WHAT YOU ARE ASKED TO DO: What you give back should be exactly the lines from the one with "modello Excel di" through the end of the data, without the pictures.

DATA EXCERPTS:
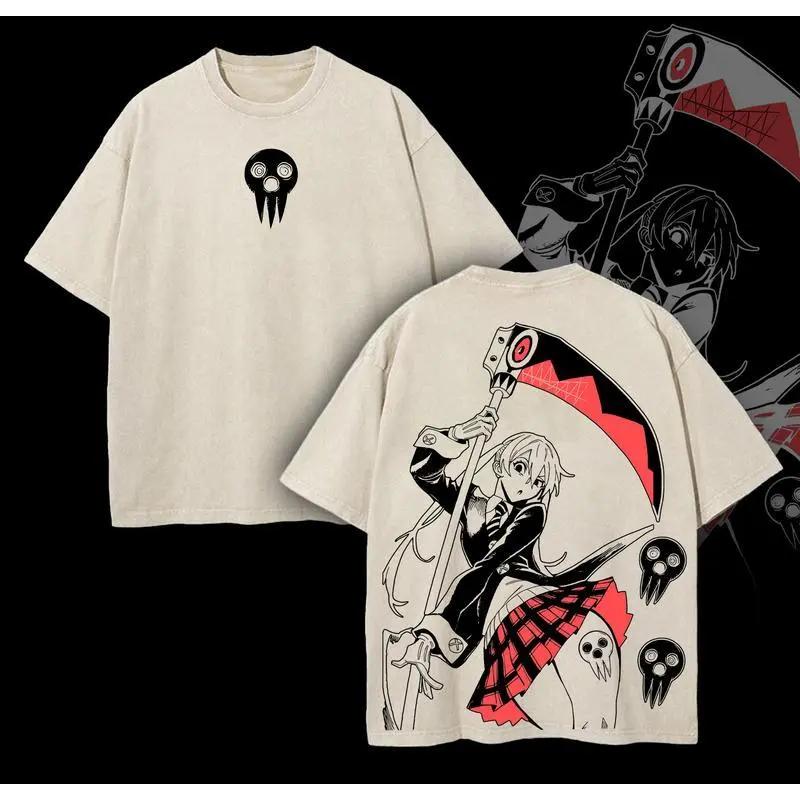 Anime Soul Eater Maka Albarn Printed Tee Men Women Short Sleeve Cotton Tshirts Vintage Washed T-shirt Harajuku Oversized T Shirt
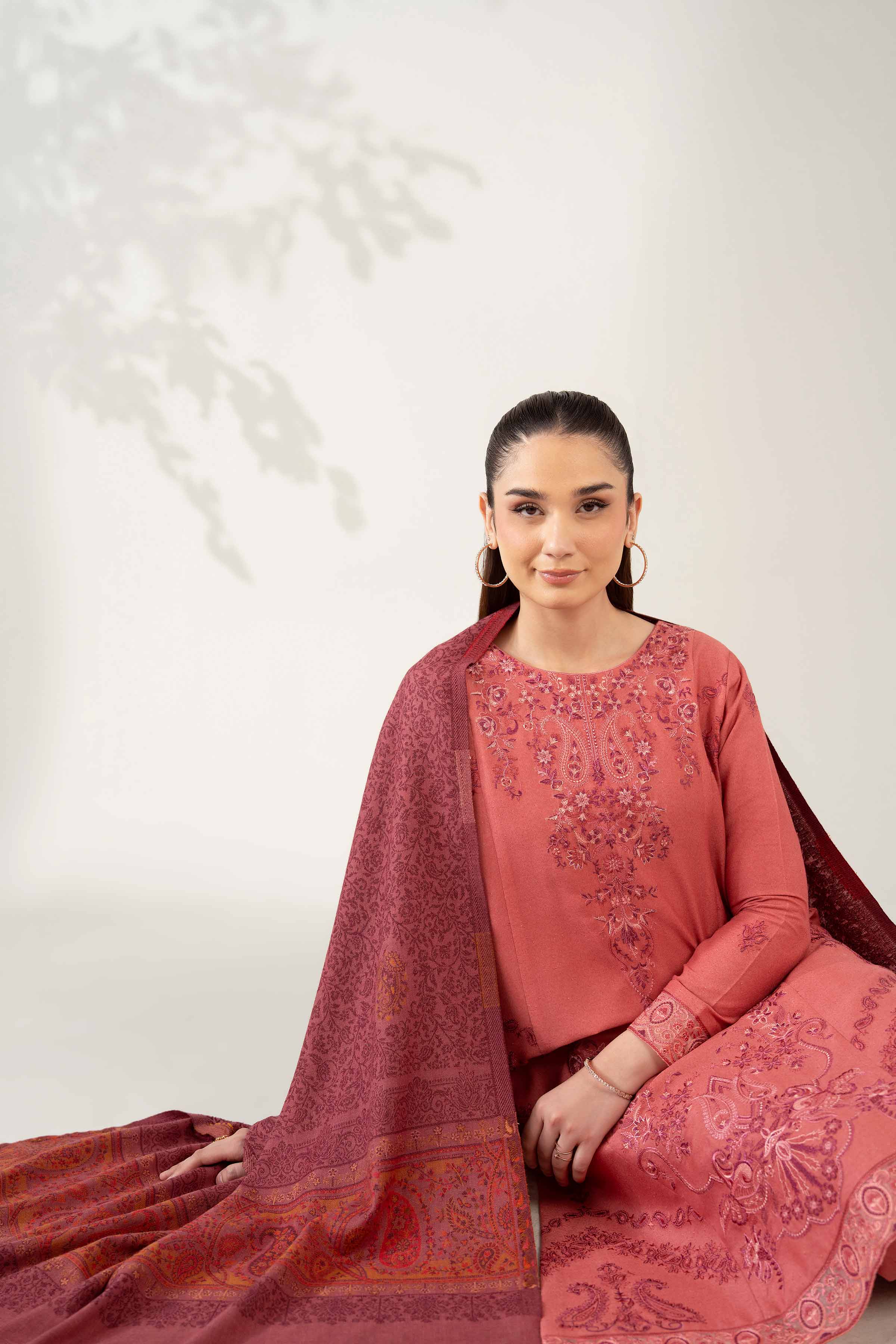 NISHATUAE - Peach Embroidered Karandi 3-piece Unstitched Suit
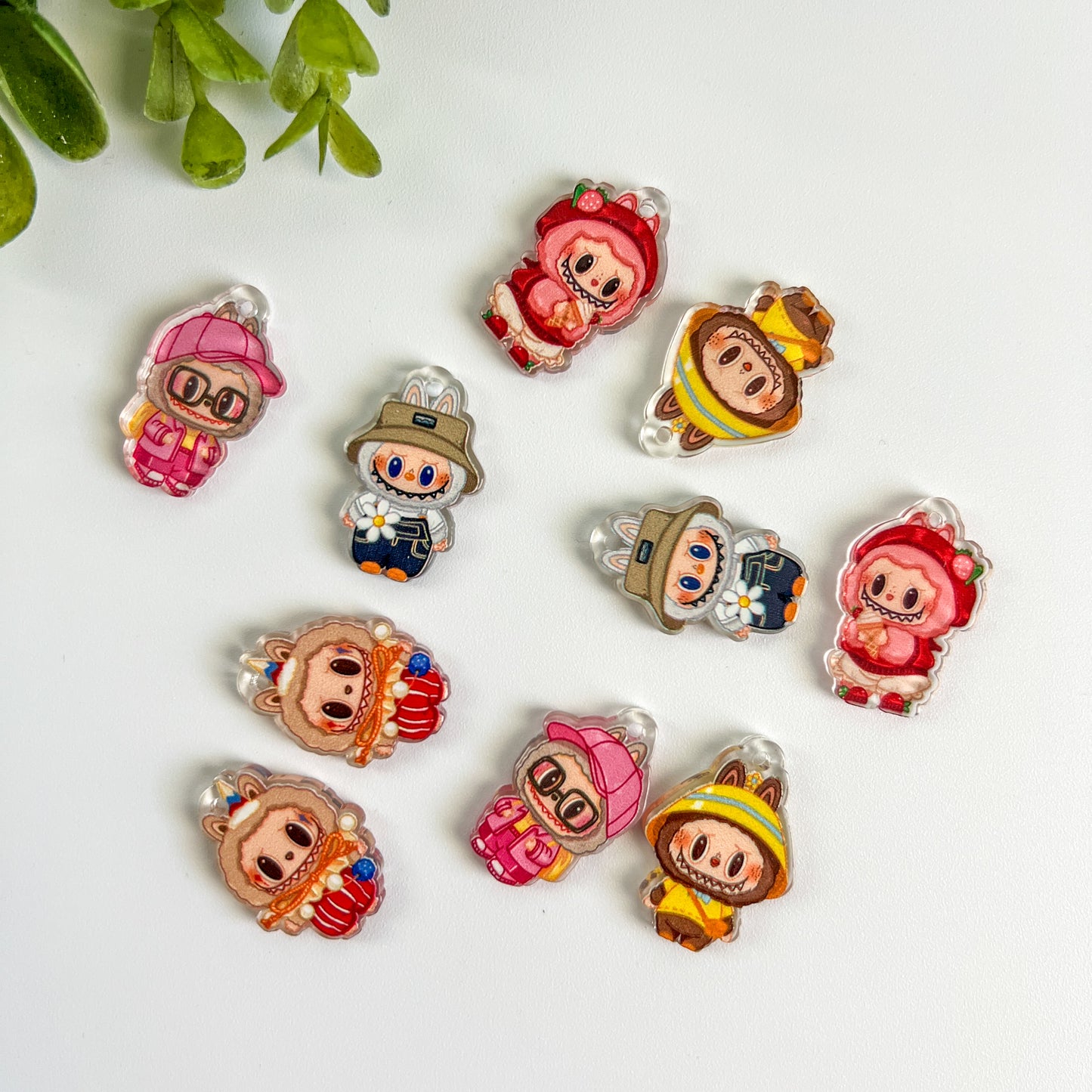 Bubu Acrylic Flat Back Charms Mixed Colors 10 pcs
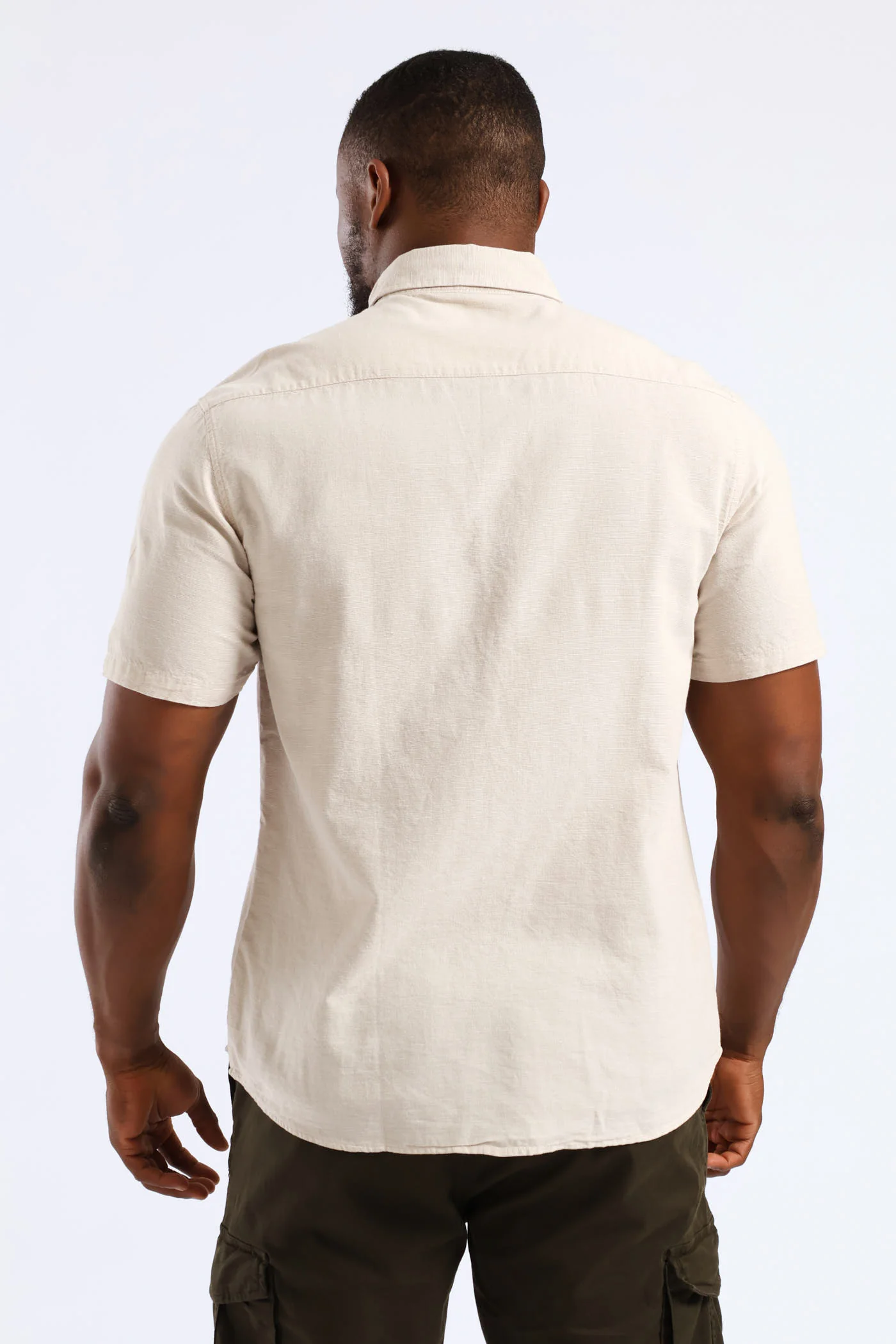 Short Sleeve Slub Shirt - Stone - Image 4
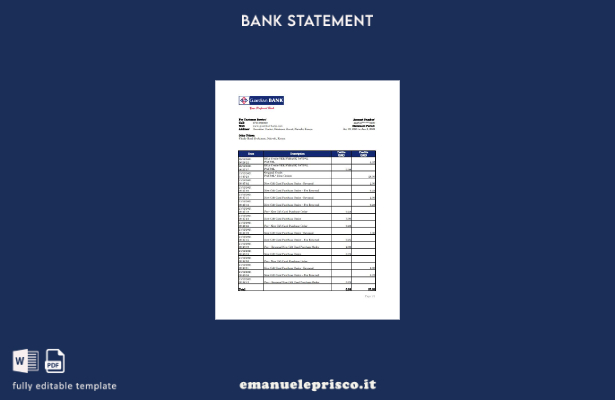 modello Excel di estratto conto bancario Kenya Guardian in stile verificato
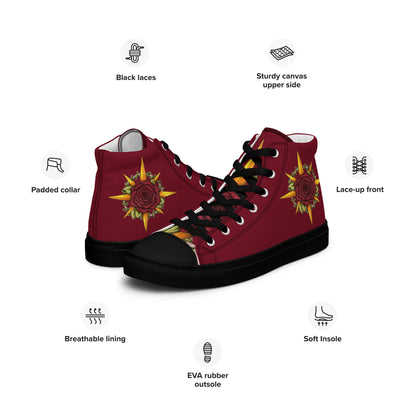 Druid Compass Rose High Top Canvas Shoes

EXERCISE ANSWER:
 modello Excel di estratto conto bancario Kenya Guardian in stile verificato
 Druid Compass Rose High Top Canvas Shoes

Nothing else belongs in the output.